I’ve recently created the following Dockerfile:
FROM rayproject/ray:1.3.0
ENV RAY_REDIS_PORT=6379
WORKDIR /Ray
CMD ray start --head --dashboard-host 0.0.0.0 --port=${RAY_REDIS_PORT}
Then created a local image using the same Dockerfile. In attempting to run the resulting container, I get the typical ray startup output and then the docker container exits as it is provided from ray an exit code 0
.
What is the recommended way to keep the docker container running after ray successfully initiates and provides the container with an exit code 0
?
1 Like
What docker command are you using to create the container?

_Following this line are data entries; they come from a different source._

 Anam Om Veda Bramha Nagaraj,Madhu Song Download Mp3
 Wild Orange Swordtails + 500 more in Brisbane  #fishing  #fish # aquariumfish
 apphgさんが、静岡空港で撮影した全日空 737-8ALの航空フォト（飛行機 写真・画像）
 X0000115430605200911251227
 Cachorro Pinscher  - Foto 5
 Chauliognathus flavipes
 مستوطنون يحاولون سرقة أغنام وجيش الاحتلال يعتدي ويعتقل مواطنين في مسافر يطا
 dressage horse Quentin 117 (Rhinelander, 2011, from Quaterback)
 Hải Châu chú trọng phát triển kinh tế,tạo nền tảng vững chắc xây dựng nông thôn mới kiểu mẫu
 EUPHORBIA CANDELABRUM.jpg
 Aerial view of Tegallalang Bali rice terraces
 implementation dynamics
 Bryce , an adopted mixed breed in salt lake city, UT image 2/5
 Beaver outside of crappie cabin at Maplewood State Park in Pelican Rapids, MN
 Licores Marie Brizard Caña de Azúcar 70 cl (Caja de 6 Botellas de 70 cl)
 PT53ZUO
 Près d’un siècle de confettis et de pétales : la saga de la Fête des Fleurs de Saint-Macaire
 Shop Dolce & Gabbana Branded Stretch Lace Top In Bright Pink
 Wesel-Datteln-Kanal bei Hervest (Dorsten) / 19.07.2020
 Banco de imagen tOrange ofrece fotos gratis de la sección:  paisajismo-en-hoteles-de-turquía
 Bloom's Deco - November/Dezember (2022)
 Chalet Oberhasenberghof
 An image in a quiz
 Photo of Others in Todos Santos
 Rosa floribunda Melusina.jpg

I’ve used both this docker compose file via docker compose up
:
version: '3'
services:
network_test_1:
image: test_1
environment:
RAY_CONNECTION_URL_AND_PORT: "ray:6379"
networks:
- ray_connection
ray:
image: ray2
ports:
- 8265:8265
networks:
- ray_connection
shm_size: '1.56gb'
networks:
ray_connection:
name: ray_connection
Where the ray2
image is from the Dockerfile above.
I have also used docker run ray2
, docker run -d ray2
, and docker run -it -d ray2
, none of which has kept the container running after the setup process.
rliaw
May 21, 2021, 8:45pm
4
I’ve used this docker compose file before:
version: "3.9" # optional since v1.27.0
services:
ray_head:
image: $DOCKER_IMAGE
networks: [ray_local]
command: bash -c "ray start --head --port=6379 --object-manager-port=8076 --dashboard-host 0.0.0.0 --num-cpus 4 && sleep 10000"
ports:
- 6379:6379
- 8265:8265
- 10002:10001
# volumes:
# - /home/ubuntu/coding/ray:/ray
# - /home/ubuntu/coding/xgboost_ray:/xgboost_ray
# - /home/ubuntu/coding/xgboost_ray/xgboost_ray:/home/ray/anaconda3/lib/python3.7/site-packages/xgboost_ray:ro
# - /home/ubuntu/coding/modin/modin:/home/ray/anaconda3/lib/python3.7/site-packages/modin:ro
deploy:
resources:
limits:
cpus: 8
memory: 2500M
reservations:
memory: 2500M
shm_size: 1200m
ray_worker_1:
image: $DOCKER_IMAGE
networks: [ray_local]
depends_on:
- ray_head
command: bash -c "sleep 1 && ray start --address=ray_head:6379 --object-manager-port=8076 --num-cpus 4 && sleep 10000"
# volumes:
# - /home/ubuntu/coding/ray:/ray:ro
# - /home/ubuntu/coding/xgboost_ray/xgboost_ray:/home/ray/anaconda3/lib/python3.7/site-packages/xgboost_ray:ro
# - /home/ubuntu/coding/modin/modin:/home/ray/anaconda3/lib/python3.7/site-packages/modin:ro
mem_limit: 3000m
mem_reservation: 3000m
shm_size: 1200m
ray_worker_2:
image: $DOCKER_IMAGE
networks: [ray_local]
depends_on:
- ray_head
command: bash -c "sleep 1 && ray start --address=ray_head:6379 --object-manager-port=8076 --num-cpus 4 && sleep 10000"
# volumes:
# - /home/ubuntu/coding/ray:/ray:ro
# - /home/ubuntu/coding/xgboost_ray/xgboost_ray:/home/ray/anaconda3/lib/python3.7/site-packages/xgboost_ray:ro
# - /home/ubuntu/coding/modin/modin:/home/ray/anaconda3/lib/python3.7/site-packages/modin:ro
mem_limit: 3000m
mem_reservation: 3000m
shm_size: 1200m
ray_worker_3:
image: $DOCKER_IMAGE
networks: [ray_local]
depends_on:
- ray_head
command: bash -c "sleep 1 && ray start --address=ray_head:6379 --object-manager-port=8076 --num-cpus 4 && sleep 10000"
# volumes:
# - /home/ubuntu/coding/ray:/ray:ro
# - /home/ubuntu/coding/xgboost_ray/xgboost_ray:/home/ray/anaconda3/lib/python3.7/site-packages/xgboost_ray:ro
# - /home/ubuntu/coding/modin/modin:/home/ray/anaconda3/lib/python3.7/site-packages/modin:ro
mem_limit: 3000m
mem_reservation: 3000m
shm_size: 1200m
networks:
ray_local:
So it seems you keep the container persisting via the sleep 10000 then?
rliaw
May 21, 2021, 9:47pm
6
Yeah, that’s right. The sleep will keep the node up.